:: EXERCISE OBJECTIVE ::
In the records below, the lines between the one holding "Papandayan Dağı 'nın" and the one holding "Shop sỉ combo", inclusive, are to be transcribed exactly; no pictures are to be included.
────────────────────────────────────────
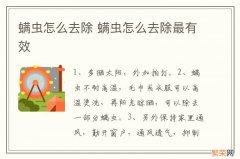 螨虫怎么去除 螨虫怎么去除最有效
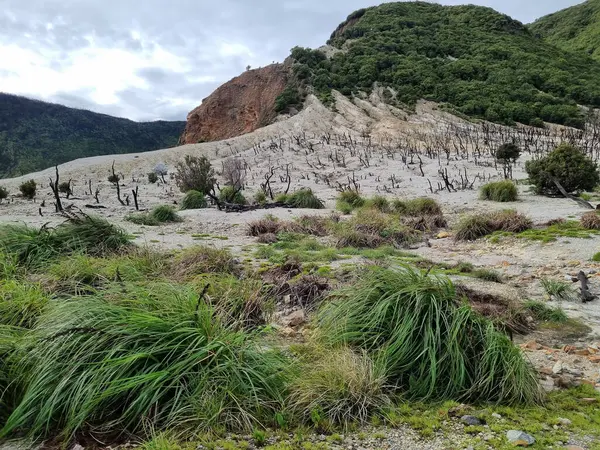 Papandayan Dağı 'nın ölü ormanı turistlerin ilgisini çeken egzotik bir yerdir. Ölü ağaçlar birkaç yıl önce çıkan yangınların izleri. Papandayan Dağı Garut, Batı Java, Endonezya 'da bulunmaktadır..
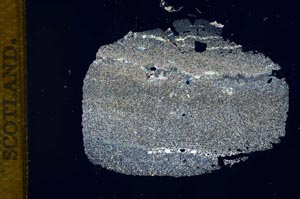 Cross Polarized, S12159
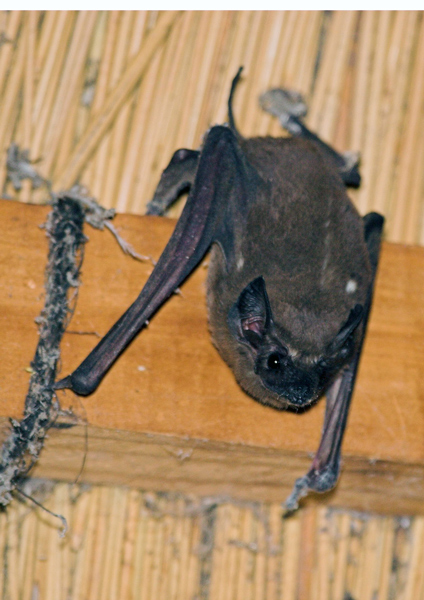 I think this is a Pipistrelle Bat possibly a Banana Pipistrelle.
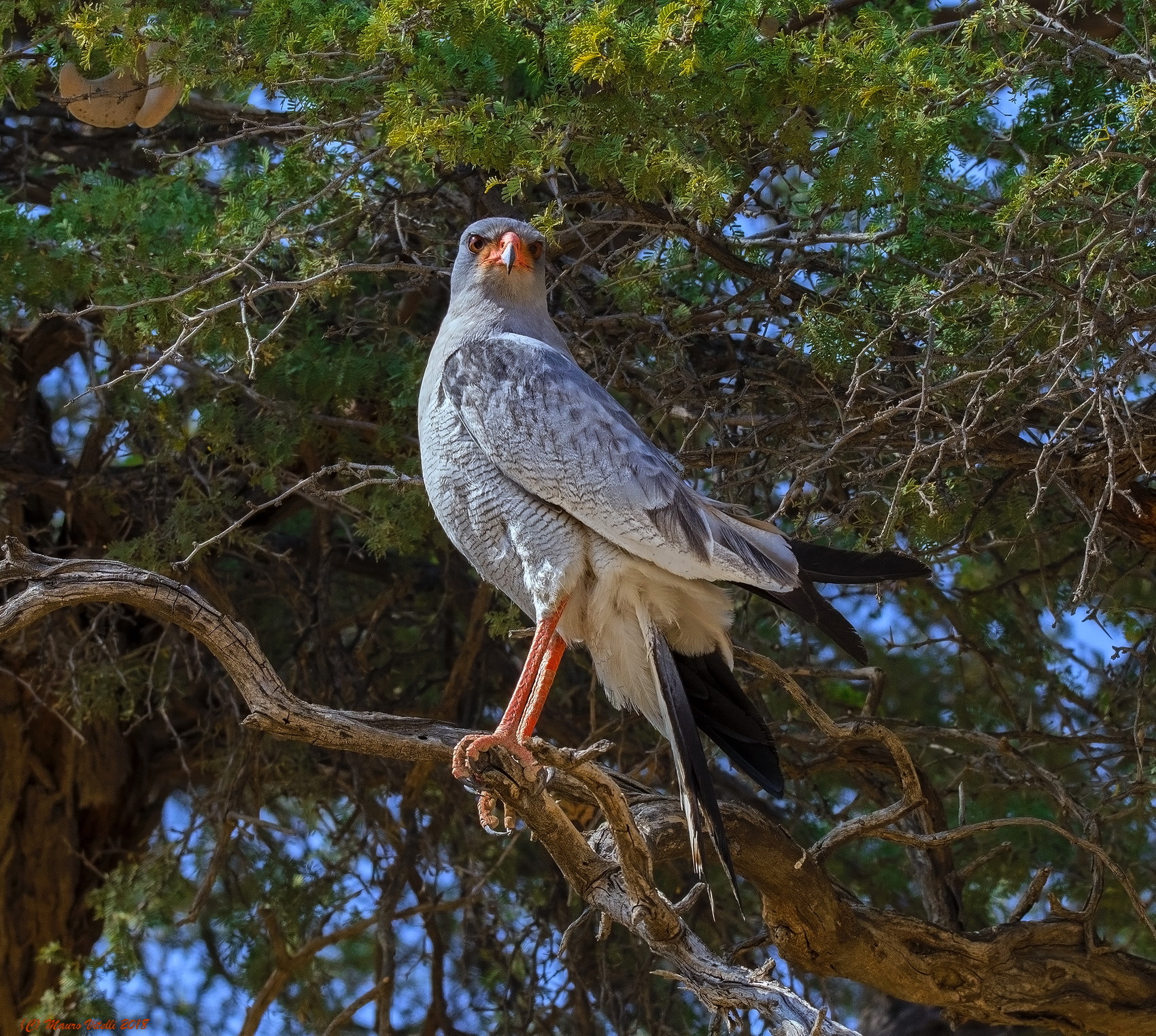 Pale Chanting Goshawk (Melierax canorus) Kalahari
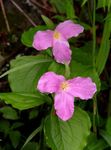 Фото Садові Квіти Трілліум (Trillium), рожевий
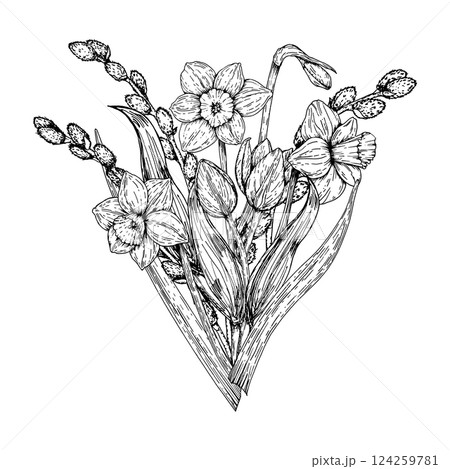 Detailed black and white hand drawn illustration of blooming daffodils and tulip buds with long leaves. Ink clip art is suitable for spring themes, floral books, botanical prints, garden projects. Detailed black and white hand drawn illustration of blooming daffodils and tulip buds with long leaves. Ink clip art is suitable for spring themes, floral books, botanical prints, garden projects. 124259781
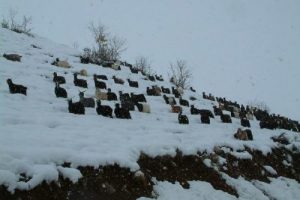 Bu k&ouml;ylere hen&uuml;z bahar gelmedi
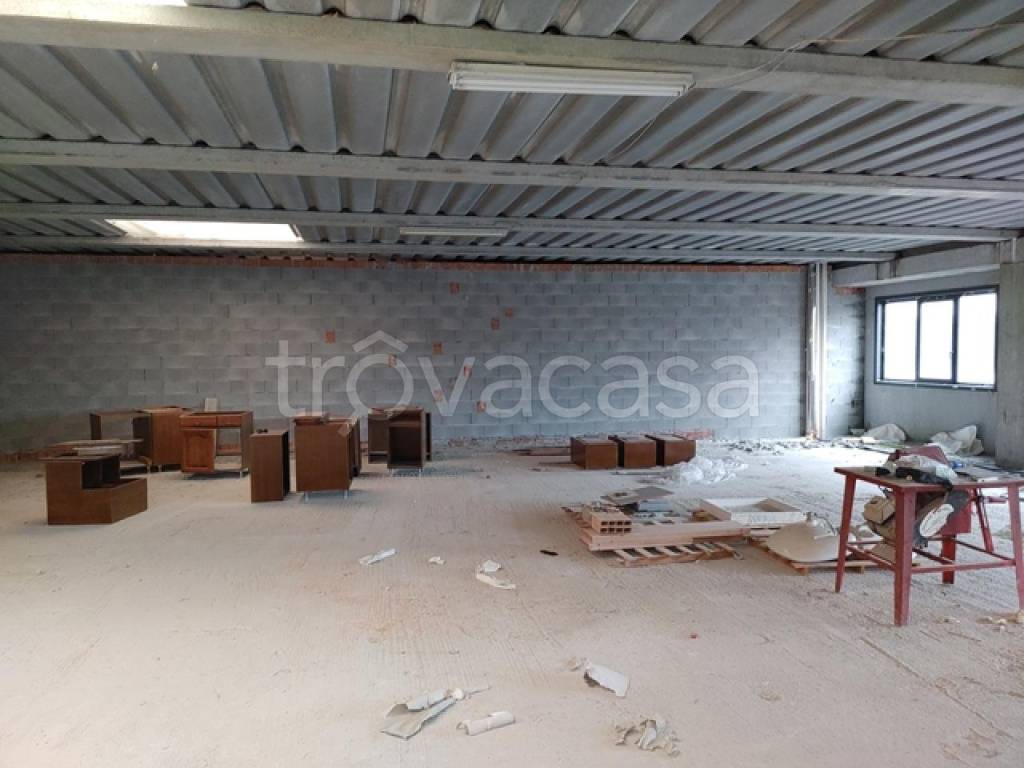 immagine annuncio 3 di 7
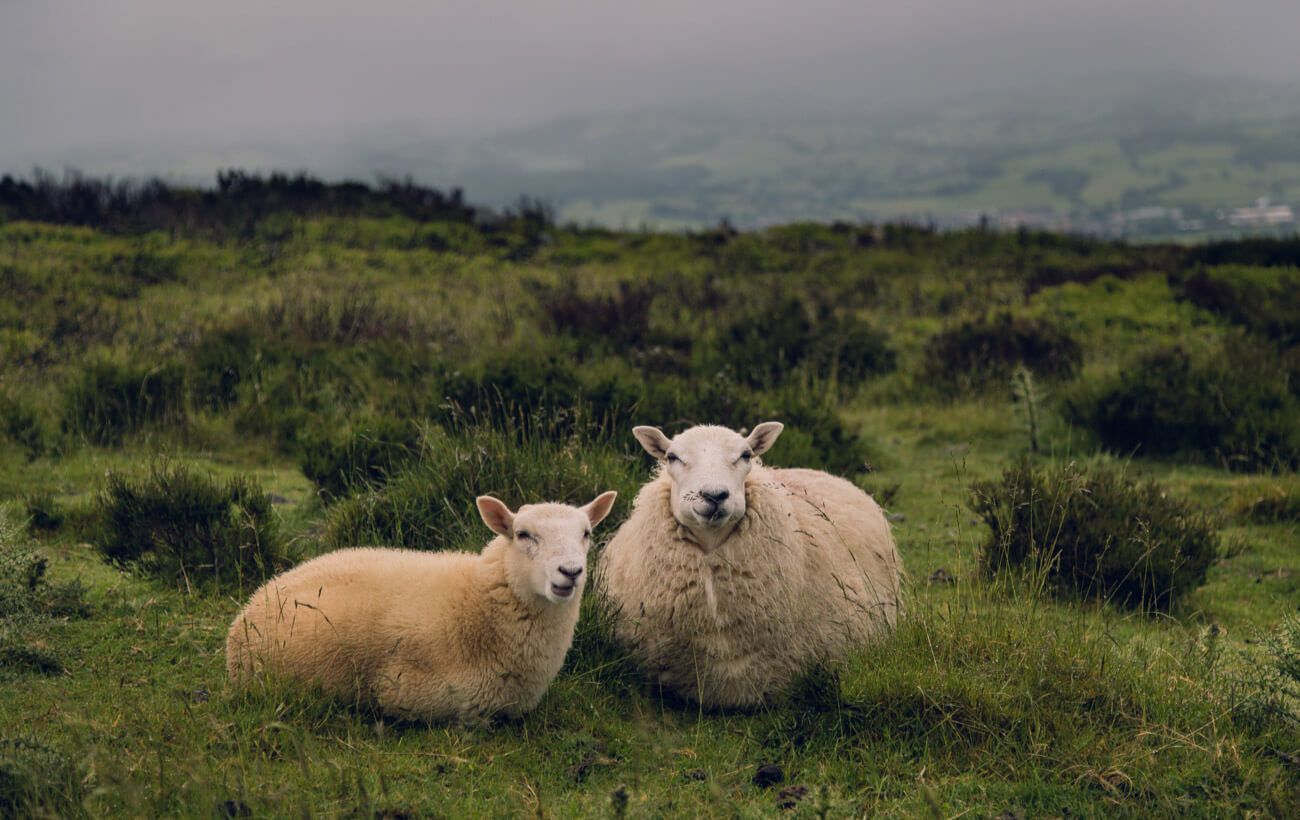 Duas ovelhas serenas na natureza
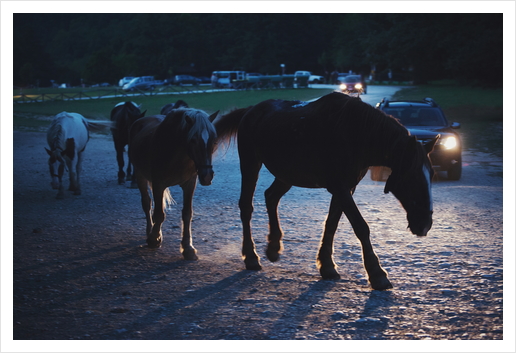 Light behind horses Art Print by Salvatore Russolillo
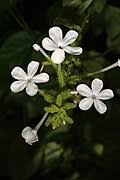 Image result for Plumbago ituriensis
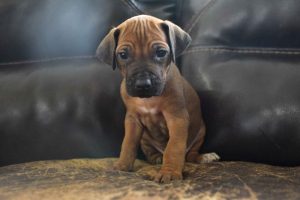 rhodesian-ridgeback-breeder-lightblue-5 rhodesian ridgeback puppies for sale austin texas 2025 litter light blue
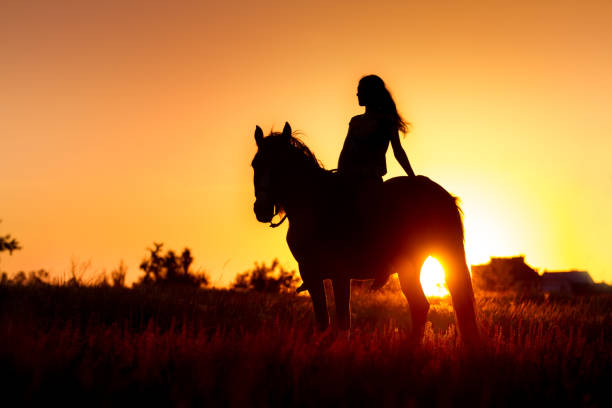 Black silhouette of female cowboy riding horse at sunset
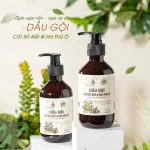 Shop sỉ combo Gội Xả Xịt Bồ Kết Bưởi Dừa Dr Di Hi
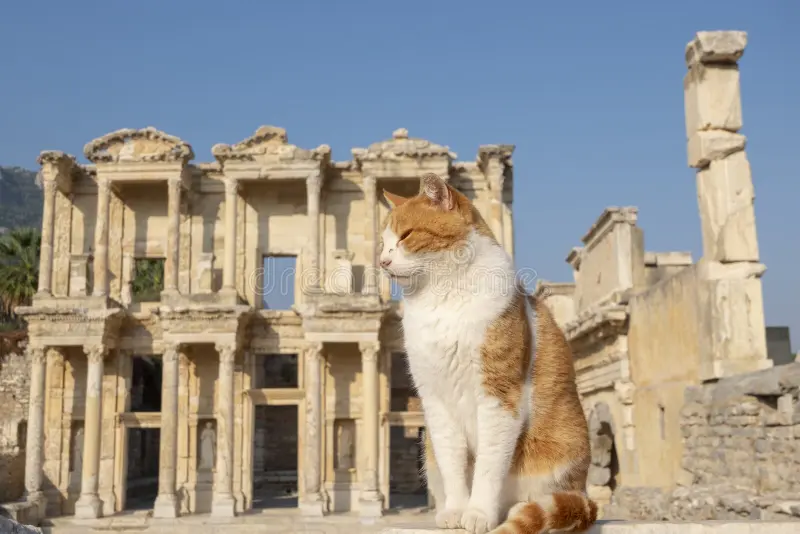 Ginger and white cat sitting before the Library of Celsus in Ephesus
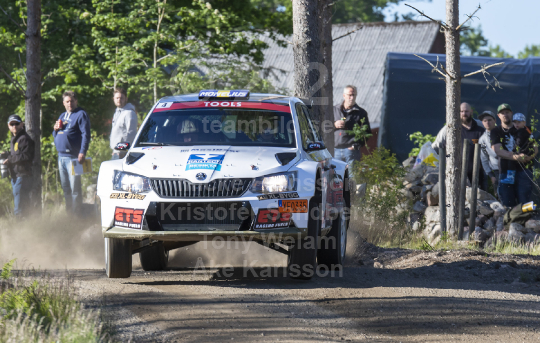 South Swedish Rally 2019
────────────────────────────────────────
:: REPLY ::
 Papandayan Dağı 'nın ölü ormanı turistlerin ilgisini çeken egzotik bir yerdir. Ölü ağaçlar birkaç yıl önce çıkan yangınların izleri. Papandayan Dağı Garut, Batı Java, Endonezya 'da bulunmaktadır..
 Cross Polarized, S12159
 I think this is a Pipistrelle Bat possibly a Banana Pipistrelle.
 Pale Chanting Goshawk (Melierax canorus) Kalahari
 Фото Садові Квіти Трілліум (Trillium), рожевий
 Detailed black and white hand drawn illustration of blooming daffodils and tulip buds with long leaves. Ink clip art is suitable for spring themes, floral books, botanical prints, garden projects. Detailed black and white hand drawn illustration of blooming daffodils and tulip buds with long leaves. Ink clip art is suitable for spring themes, floral books, botanical prints, garden projects. 124259781
 Bu k&ouml;ylere hen&uuml;z bahar gelmedi
 immagine annuncio 3 di 7
 Duas ovelhas serenas na natureza
 Light behind horses Art Print by Salvatore Russolillo
 Image result for Plumbago ituriensis
 rhodesian-ridgeback-breeder-lightblue-5 rhodesian ridgeback puppies for sale austin texas 2025 litter light blue
 Black silhouette of female cowboy riding horse at sunset
 Shop sỉ combo Gội Xả Xịt Bồ Kết Bưởi Dừa Dr Di Hi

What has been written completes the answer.